SANTA CLARA (CBS SF/AP) – Did you Google Miley Cyrus’s name in the wake of the twerking scandal? If so, you might have compromised your Internet security, says the security firm McAfee. The company just released a list of the most dangerous celebrity name searches. Cyrus isn’t at the top of the list — she ranks 20th — but she’s on there.
Lily Collins, star of “Mirror, Mirror” and “The Mortal Instruments: City of Bones,” tops the list as the most dangerous celeb to search for online. Emma Watson ranked highest last year.
The danger lies in where the search leads you. Searching for Collins posed the biggest risk of landing on a malicious site, according to McAfee. The unknowing consumers are led to sites laden with malware that quickly steals passwords and personal information.
The risk of landing on an insecure site is as high as 14.5 percent when searching for Collins.
The Santa Clara-based company started compiling the list of actors, musicians, comedians and personalities 2007. Nine of the top 10 most dangerous celebrities to search for are women. Jon Hamm, star of “Mad Men,” is the lone male. Musicians make of 9 of the top 20 names, including Justin Timberlake at No. 12.
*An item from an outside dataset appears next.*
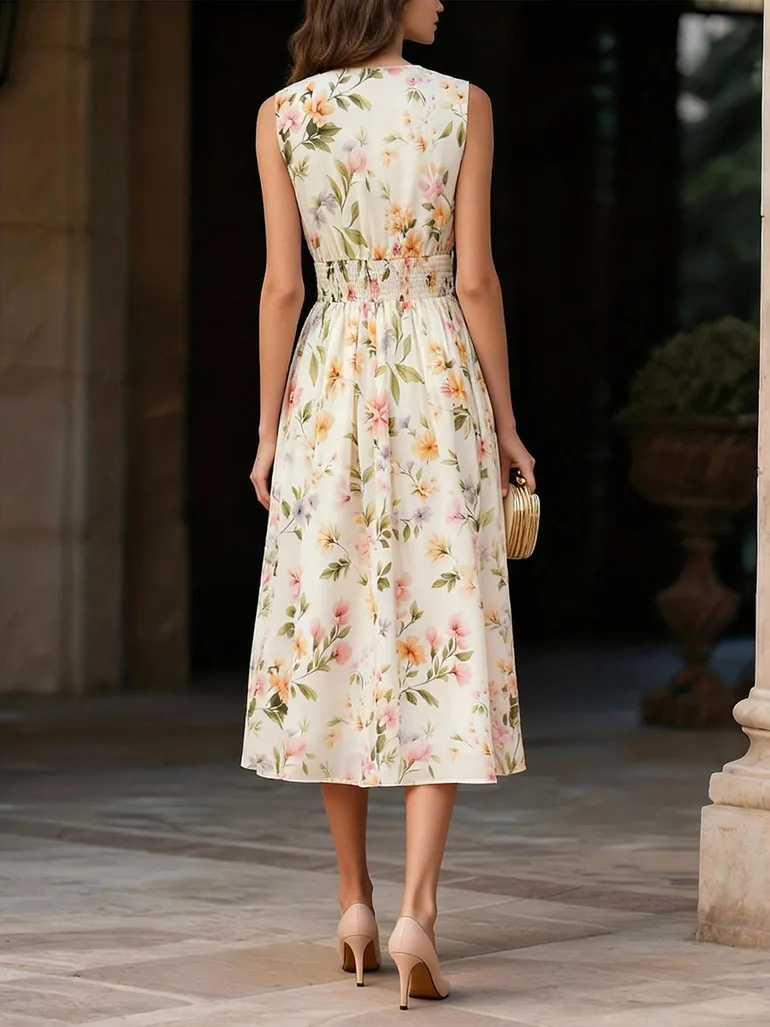 Floral Print Sleeveless A-Line Midi Dress - 4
The most dangerous times to search are around award shows and TV and movie premieres, the company said.
“Today’s consumers often are completely unaware of security risks when searching for celebrity and entertainment news, images and videos online, sacrificing safety for immediacy,” Paula Greve, director of web security research at McAfee, said in a press release. “Cybercriminals prey on consumers’ addiction to breaking news and leverage this behavior to lead them to unsafe sites that can severely infect their computers and devices and steal personal data.”
Avril Lavigne and Sandra Bullock ranked second and third, followed by Kathy Griffin, Zoe Saldana, Katy Perry, Britney Spears, Adriana Lima, and Emma Roberts.
A person could be led to malware after doing a general search and clicking on dubious links, but risks increased when searchers added phrases like “free apps” or “nude photos.”